In deze zaak heeft de Rechtbank Den Haag op 29 mei 2020 uitspraak gedaan in een geschil tussen eiseres, een voormalige productiemedewerker, en de Raad van bestuur van het Uitvoeringsinstituut werknemersverzekeringen (Uwv). Eiseres had een ziektewetuitkering ontvangen na zich ziek te melden op 13 februari 2017. Na een eerstejaars ziektewetbeoordeling in 2018 werd haar uitkering stopgezet omdat zij in staat werd geacht om bepaalde functies te vervullen. Op 8 juli 2019 werd haar ziektewetuitkering opnieuw beëindigd, wat leidde tot beroep bij de rechtbank.

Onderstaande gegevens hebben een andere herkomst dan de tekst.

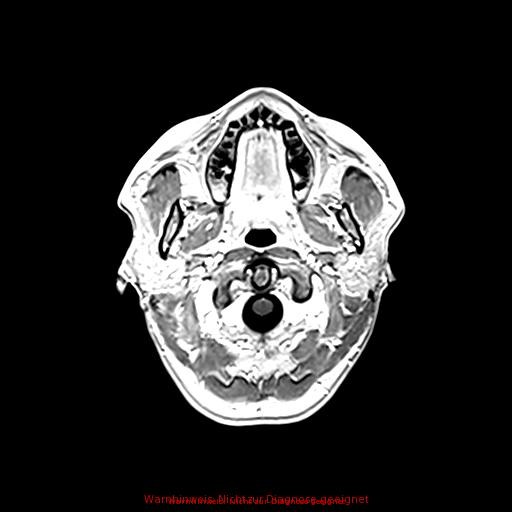 Normal adult brain MRI (non-enhanced and contrast-enhanced) (Radiopaedia 75262-86379 Axial T1 C+ 34).jpg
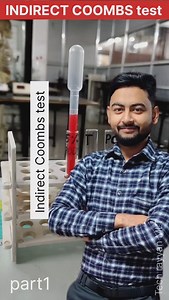 Indirect Coombs test practical||#labtechnician #coombs #indirectcoombstest #bscnursing #trendingreels #pathology #bloodtest | Rayyan Alam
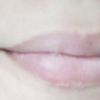 Cicatrice hypertrophique lèvre - 8553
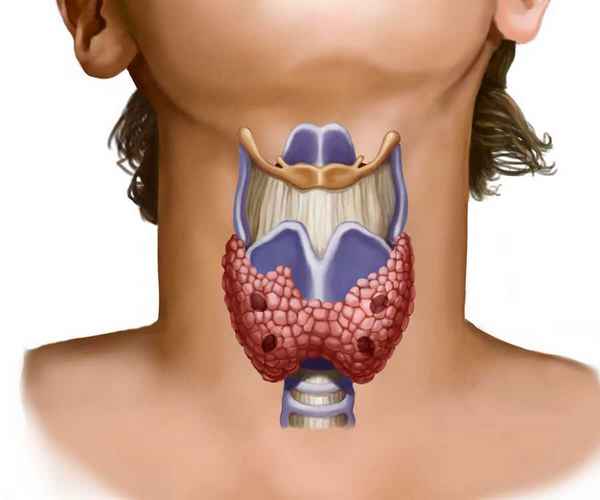 Щитовидная железа | 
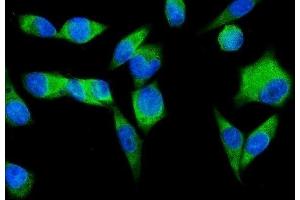 IF analysis of SND1 using anti-SND1 antibody (ABIN7600525). (SND1 Antikörper  (AA 20-204))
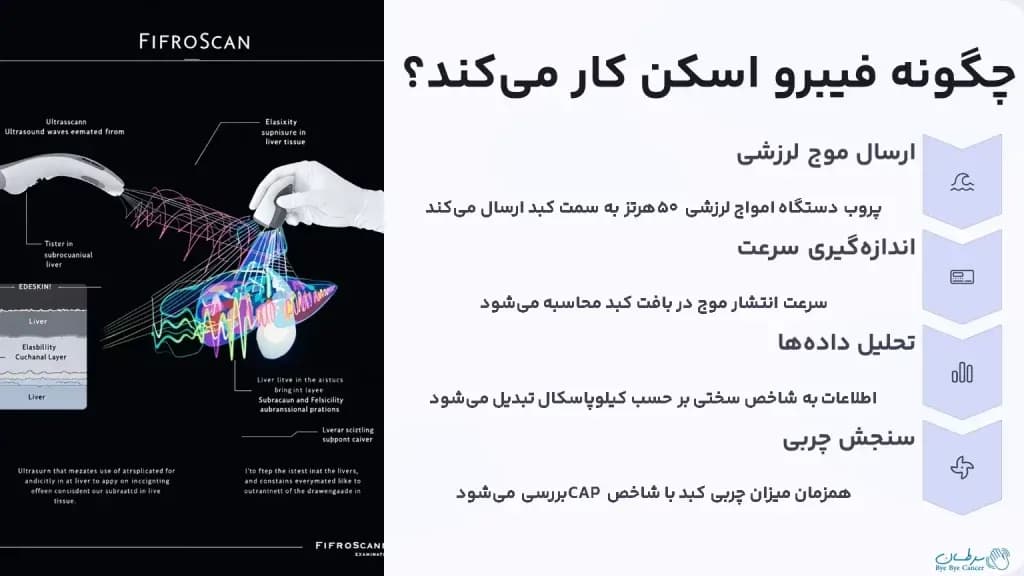 fibroscan.1-1024x576.webp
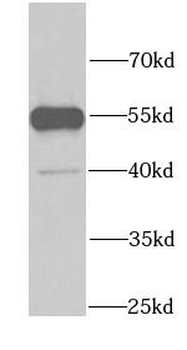 GDI1 Rabbit Polyclonal Antibody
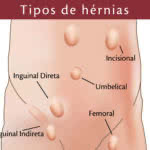 Tipos de hérnias de parede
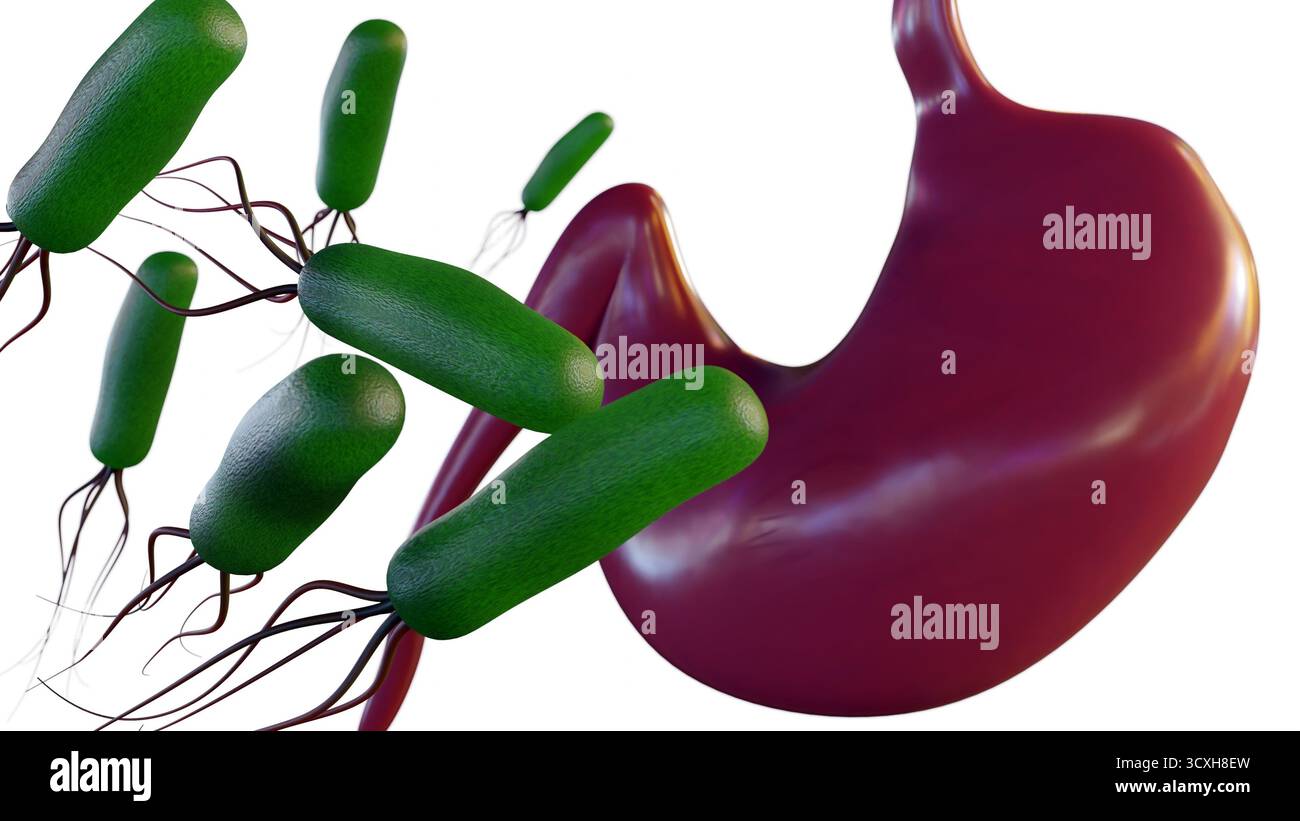 Eine 3D-Visualisierung betont die bakterielle HELICOBACTER PYLORI-Infektion im Magen. Primäre Ursache gastrointestinaler Erkrankungen. Stockfoto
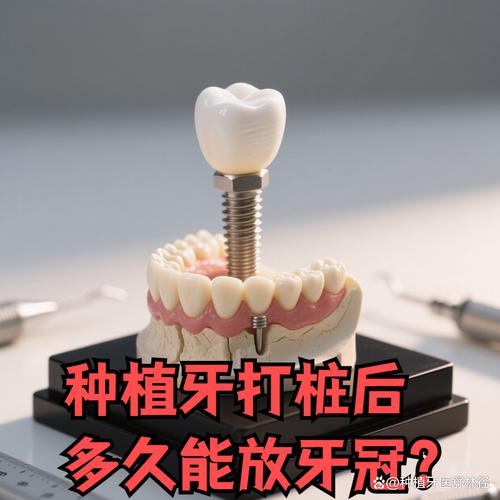 种牙后牙冠制作要多久？一般需要多长时间？-图1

De rechtbank heeft vastgesteld dat de verzekeringsartsen zorgvuldig hebben gehandeld en dat de medische rapporten aan de vereisten voldoen. Eiseres voerde aan dat haar beperkingen waren onderschat en dat het onderzoek onzorgvuldig was. De rechtbank oordeelde echter dat de verzekeringsarts b&b de medische situatie van eiseres correct had ingeschat en dat er geen nieuwe informatie was die de eerdere beoordelingen in twijfel trok. De rechtbank concludeerde dat de beëindiging van de ziektewetuitkering per 8 juli 2019 terecht was en verklaarde het beroep ongegrond.
De uitspraak benadrukt het belang van medische rapportages en de rol van de verzekeringsartsen in het beoordelen van de geschiktheid voor arbeid. De rechtbank wees erop dat het aan eiseres is om aan te tonen dat de medische beoordeling onjuist is, wat in dit geval niet is gelukt. De rechtbank heeft geen aanleiding gezien voor een proceskostenveroordeling en heeft de uitspraak gepubliceerd op www.rechtspraak.nl.